Présidences iranienne et israélienne
«Nous devons forger des compromis, négocier et parvenir à des accords» ANUPAM RAY, AMBASSADEUR DE L’INDE
Les multiples propositions pour «revitaliser» la CD sont intéressantes. Mais elles ne permettent pas de faire l’économie d’un argument central résumé par le représentant de l’Egypte auprès de l’enceinte multilatérale, qui est intervenu hier: «La CD est un organe de négociation et non pas de délibération. Nous avons besoin d’une nouvelle approche et surtout d’une volonté politique» de sortir de l’impasse.

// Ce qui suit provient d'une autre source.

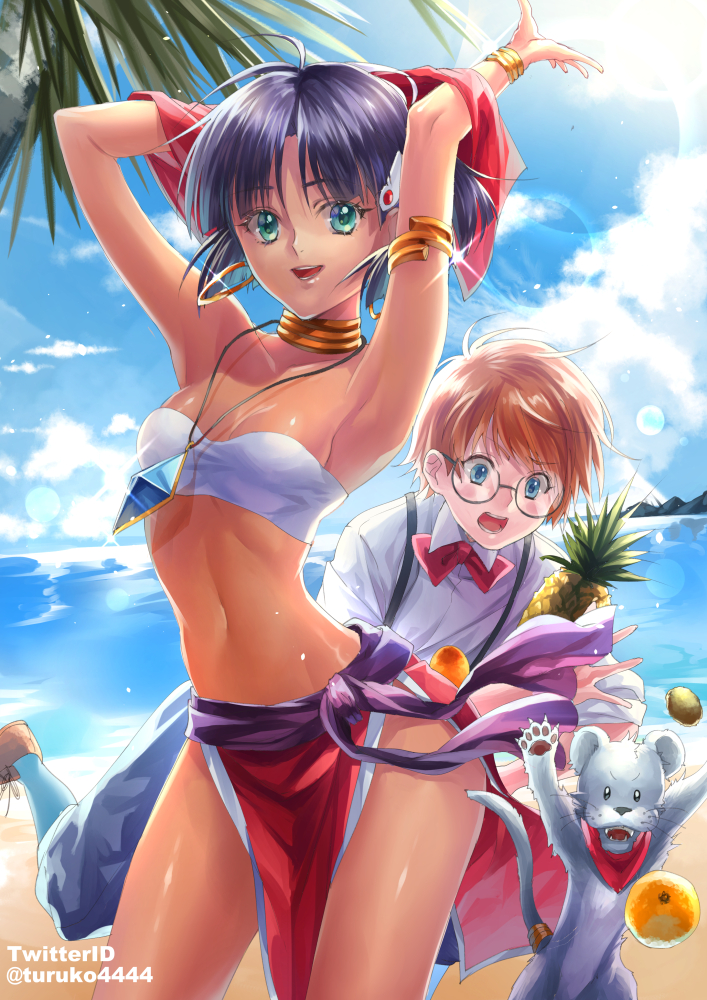 1boy, 1girl, aqua_eyes, armband, armpits, arms_up, black_hair, blue_eyes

Si nombre de questions liées aux armes mériteraient d’être traitées en urgence, il est une décision qui va déjà diviser l’institution genevoise: celle d’accepter ou non comme Etat observateur la Palestine. Or depuis que les Etats-Unis s’y sont déjà opposés il y a quelques années, un précédent a été créé. Par la suite, c’est la Turquie qui s’est opposée à ce que Chypre devienne un Etat observateur, puis l’Iran par rapport à l’Arabie saoudite et les Emirats arabes unis. Enfin en 2022, c’est la Russie qui s’est engouffrée dans la brèche en empêchant que plusieurs Etats de l’Union européenne obtiennent ce statut. «Cette année, s’interroge un expert, on peut se demander qui va bloquer qui. Mardi prochain, Israël et les Etats-Unis devraient s’opposer à nouveau à la Palestine. La situation risque de devenir délétère. Plutôt que de voter en bloc une liste de pays souhaitant devenir observateurs, on va trier pays par pays. On peut se demander d’ailleurs si 2024 ne sera pas une année perdue pour la CD qui sera présidée notamment par l’Iran et Israël.»